Finland - Sauli Niinistö

After the end of his term as a cabinet minister in 2003, Niinistö became vice-chairman of the board of directors at the European Investment Bank.


France - Emmanuel Macron 

Macron is the President of France and ex officio Co-Prince of Andorra, having assumed these offices on 14 May 2017. He worked as an Inspector of Finances in the Inspectorate General of Finances (IGF), then became an investment banker at Rothschild & Cie Banque.


Hong Kong - Leung Chun-ying

From 2002 to 2007, Leung was a board member in the Government of Singapore-owned banking firm DBS Group Holdings Ltd and DBS Bank Hong Kong Ltd.


Kenya - Uhuru Kenyatta

Between 1979 and 1980, he also briefly worked as a teller at the Kenya Commercial Bank.


Liberia - Ellen Johnson Sirleaf

After Samuel Doe seized power in a coup d'état and executed Tolbert, Sirleaf fled to the U.S. She worked for the World Bank before moving to Nairobi, where she worked for Citibank and then the Equator Bank.


Mali - Ibrahim Boubacar Keïta

Returning to Mali, he became a technical consultant for the European Development Fund, putting together the first small-scale development program for the European Union's aid activities in Mali.


Paraguay - Horacio Cartes

At the age of 19, he started a currency exchange business which grew into the Banco Amambay. Cartes' name appears in the Offshore leaks files in connection with a Cook Islands financial entity linked to Cartes' Paraguayan bank Banco Amambay. A classified WikiLeaks cable from 2010 mentioned Cartes as the focus of a money laundering investigation by the DEA.

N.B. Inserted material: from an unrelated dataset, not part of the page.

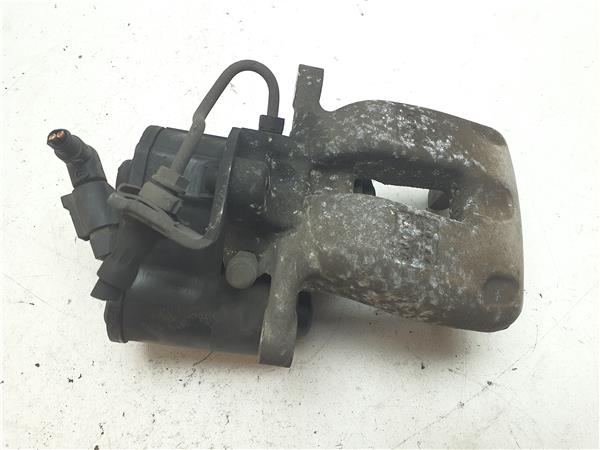 pinza freno trasero derecha volkswagen passat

Peru - Pedro Pablo Kuczynski

He began his career at the World Bank in 1961 as a regional economist for six countries in Central America, Haiti and the Dominican Republic. In 1967, Kuczynski returned to Peru to work at the country's central bank during the government of President Fernando Belaunde Terry. Kuczynski went into exile in the United States in 1969 due to political persecution after Belaunde Terry's government fell to the military dictatorship of General Juan Velasco Alvarado in a coup d'etat. Kuczynski then joined the World Bank as the chief economist managing the northern countries of Latin America, moving on to become Chief of Policy Planning. From 1973 to 1975, he was a partner of Kuhn, Loeb & Co., the international investment bank headquartered in New York City. In 1975, he returned to Washington, D.C to become chief economist for the International Finance Corporation (the private finance arm of the World Bank). 
From 1983 to 1992, he was co-chairman of First Boston in New York City, an international investment bank. In 1992, he founded, with six other partners, the Latin American Enterprise Fund (LAEF) in Miami, Florida, a private equity firm that focused on investments in Mexico, Central and South America.

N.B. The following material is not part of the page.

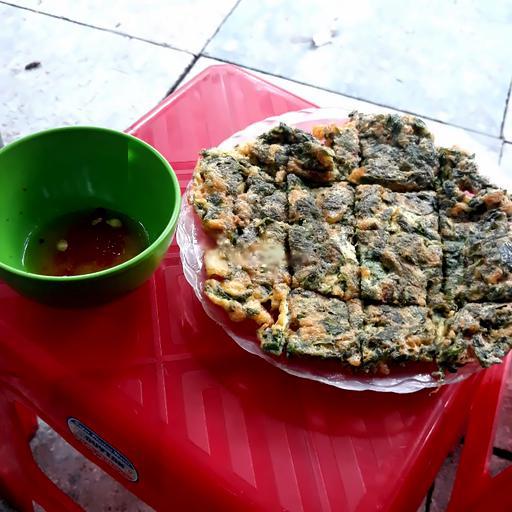 banh-mi-trung-ngai-cuu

Sierra Leone - Ernest Bai Koroma

Koroma joined the Sierra Leone National Insurance Company in 1978. In 1985, he joined the Reliance Insurance Trust Corporation (Ritcorp), and in 1988, he became managing director of Ritcorp, remaining in that position for 14 years.


Singapore - Tony Tan

In 1969, Tan left the University of Singapore to begin a career in banking with Overseas-Chinese Banking Corporation (OCBC), where he rose to become General Manager, before leaving the bank to pursue a career in politics in 1979.
In December 1991, Tan stepped down from the Cabinet to return to the private sector, and rejoined the Oversea-Chinese Banking Corporation (OCBC) as the Chairman and Chief Executive Officer from 1992 to 1995, while retaining his seat in Parliament as a representative for the Sembawang Group Representation Constituency.
Tan stepped down as Deputy Prime Minister and Co-ordinating Minister for Security and Defence on 1 September 2005. After his retirement from the Cabinet, Tan became the chairman of the National Research Foundation and deputy chairman of the Research, Innovation and Enterprise Council. He was also the Executive Director of the Government of Singapore Investment Corporation (GIC), and Chairman of Singapore Press Holdings Limited (SPH).